Es cierto que existen variantes del merengue en Venezuela, Haití, Colombia, Puerto Rico, donde la diáspora dominicana lo emplea como una justificación para la asociación del grupo en defensa de los valores que le definen como tal, y como vía para mantenerse atados, muchas veces con nostalgia, a su tierra. No es este el caso de Cuba, donde no se puede hablar de una fuerte presencia de dominicanos en los últimos 45 años, y mucho menos en la parte oriental del país. No es nuestro caso el mexicano, el puertorriqueño o el venezolano, donde la presencia dominicana tiene una gran fuerza en cuanto a número y nivel de inserción en el mundo de la música. Sin embargo, el merengue dominicano (de no serlo, al menos así se le considera en nuestra tierra), nunca ha estado lejos del pueblo y de sus creadores. Y en esa disputa de las naciones por la paternidad de algo tan singular como la música, no es extraño que muchos reclamen, incluso en un evento como el que desarrollamos, la paternidad del merengue. Cada día llegarán más justificaciones, pues “al hijo bueno todo el mundo lo quiere”. Y es el merengue un hijo ilustre de padres aún desconocidos. Y eso me parece muy bueno, pues, unos lo defienden por su seguridad en que les pertenece, y otros... por la misma razón. Esa disputa permanente es uno de los elementos que más aporta a su vitalidad.
Para los individuos del Oriente cubano, cuando se habla de merengue no se piensa esencialmente en otro que no sea el dominicano.
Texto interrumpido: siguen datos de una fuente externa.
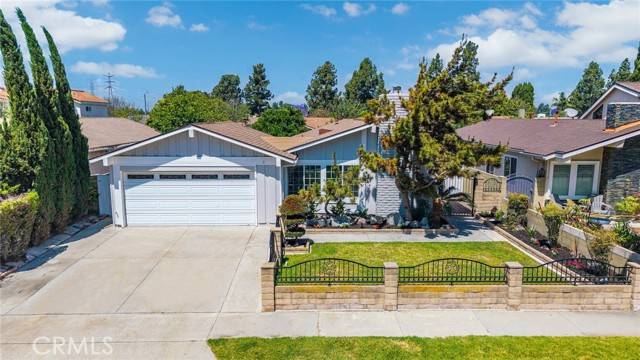 Cerritos, CA 90703,19631 Fagan Way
Esta visión tiene como alegato los lazos culturales que de forma histórica se han establecido entre los dos pueblos. El hecho de estar geográficamente más cerca de la capital dominicana que de la cubana (La Habana) puede ser móvil de que, en muchos casos, la similitud cultural entre dominicanos y santiagueros -u orientales de Cuba, en general- sea muchas veces superior a la existente entre habaneros y orientales. Allí, si se habla de música, de fiesta y se menciona la palabra merengue, simplemente se refleja el ritmo y baile dominicano.
Un elemento que puede hablar de los nexos del merengue entre Cuba y la República Dominicana es el de las creaciones musicales y coreográficas. En la coreografía no vamos a encontrar esencialmente el paseo o introducción del merengue tradicional, y que recuerda cierto estilo del danzón cubano; tampoco de la sección llamada jaleo, un tanto desaparecido del merengue actual en República Dominicana. El merengue es un ritmo que no pasa de moda, sino que se acomoda a las nuevas exigencias y a los nuevos modos de creación y de vida de los hombres y mujeres del Caribe, donde el Oriente de Cuba no es una excepción.
En esta región de Cuba también ha “evolucionado” el merengue a la par de los cambios en suelo dominicano, a pesar del débil intercambio que en el área musical se sucede entre República Dominicana y esta zona de Cuba. Un elemento que habla de la conservación de esa similitud es que en los años 1940 a 1959 se hacía esencialmente el merengue tradicional dominicano (Perico Ripia'o), donde los elementos distintivos eran el acordeón, el bajo, la tambora y la güira. Tal como en tierra quisqueyana, en el Oriente cubano se ha pasado a la instrumentación con metales, piano, batería... lo cual ha influido hasta en la conformación de piezas diferentes.